Captioned web image data:
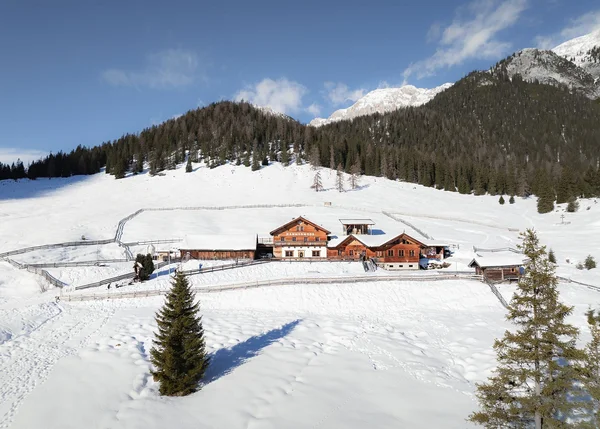 Your alpine hut in Tyrol
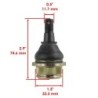 Rotule de triangle UTV-SSV Kawasaki Mule 2500 KAF 620  59266-1080 - Raven Industries RAV-580-115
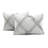 Lush Decor Ruffle Diamond Comforter Set-925060571-925060570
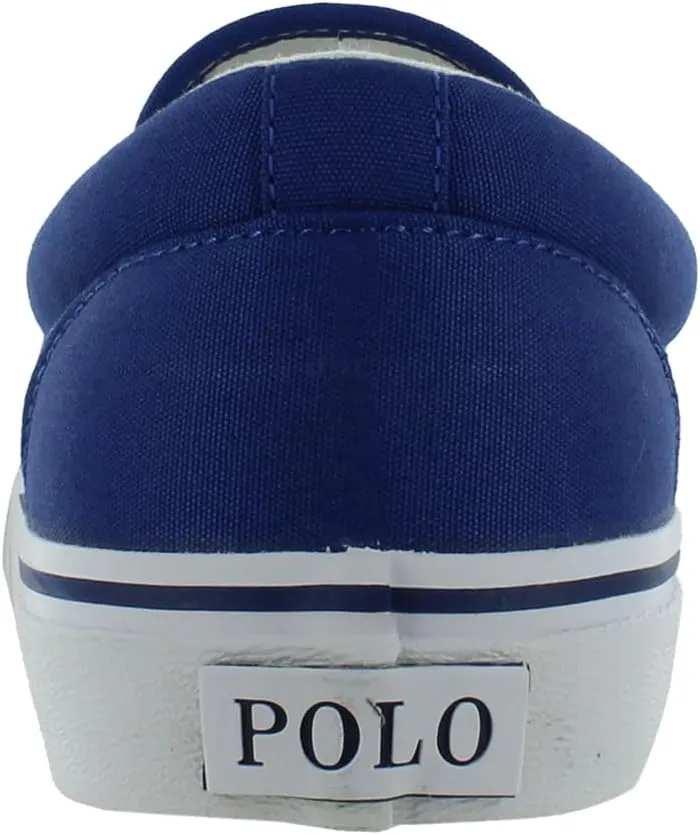 POLO RALPH LAUREN Men's Keaton-Slip Sneaker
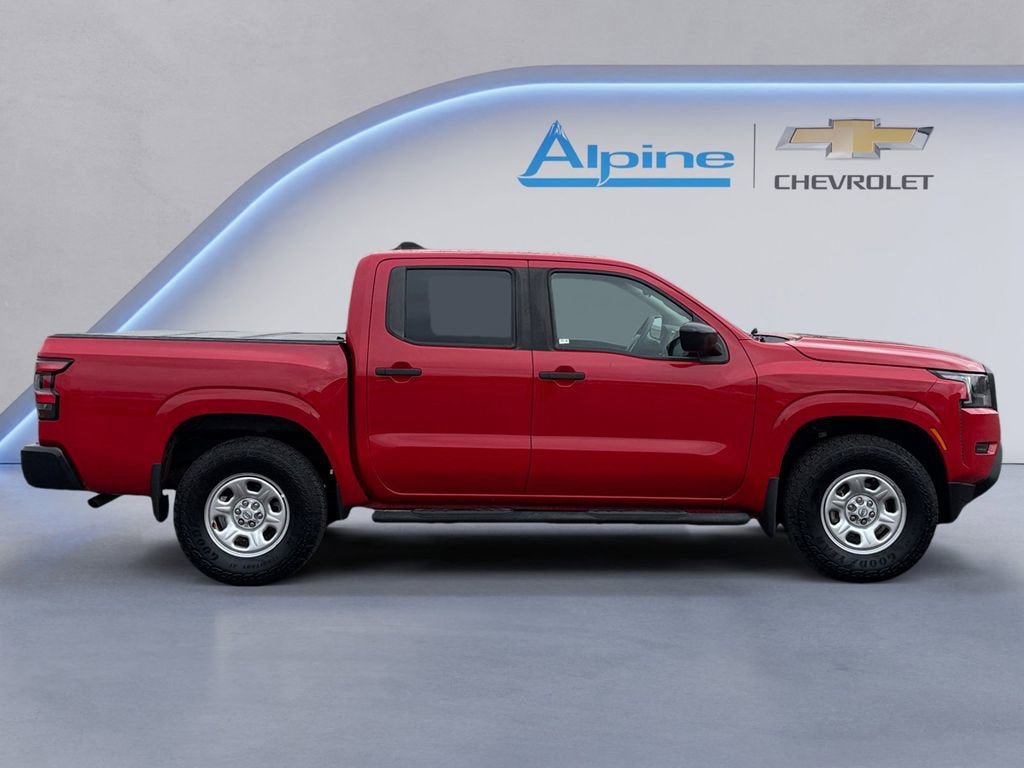 Used 2022 Nissan Frontier S w/ Technology Package AWD/4WD image 6
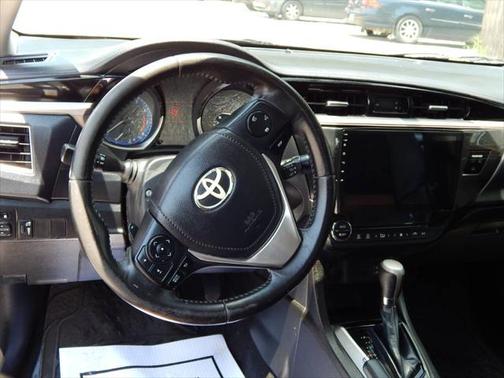 2014 Toyota Corolla S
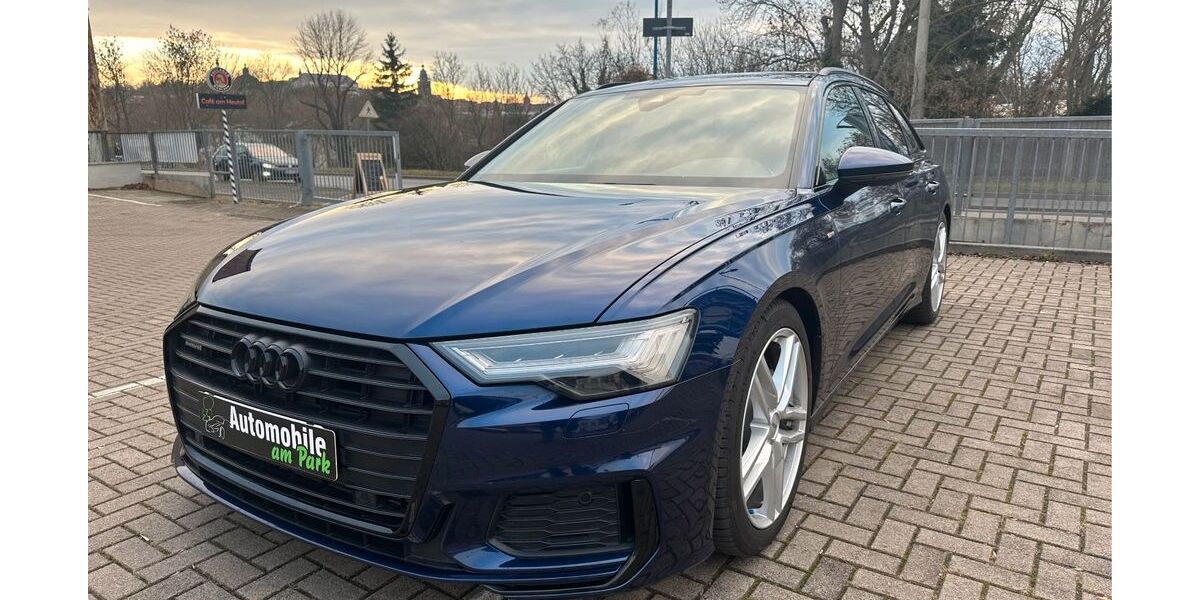 Audi A6 156.000 km 31.900 &euro; Gotha 99867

# Aim of the exercise:
Word-for-word repeat, images excluded: return all the data.

# Solved exercise:
 Your alpine hut in Tyrol
 Rotule de triangle UTV-SSV Kawasaki Mule 2500 KAF 620  59266-1080 - Raven Industries RAV-580-115
 Lush Decor Ruffle Diamond Comforter Set-925060571-925060570
 POLO RALPH LAUREN Men's Keaton-Slip Sneaker
 Used 2022 Nissan Frontier S w/ Technology Package AWD/4WD image 6
 2014 Toyota Corolla S
 Audi A6 156.000 km 31.900 &euro; Gotha 99867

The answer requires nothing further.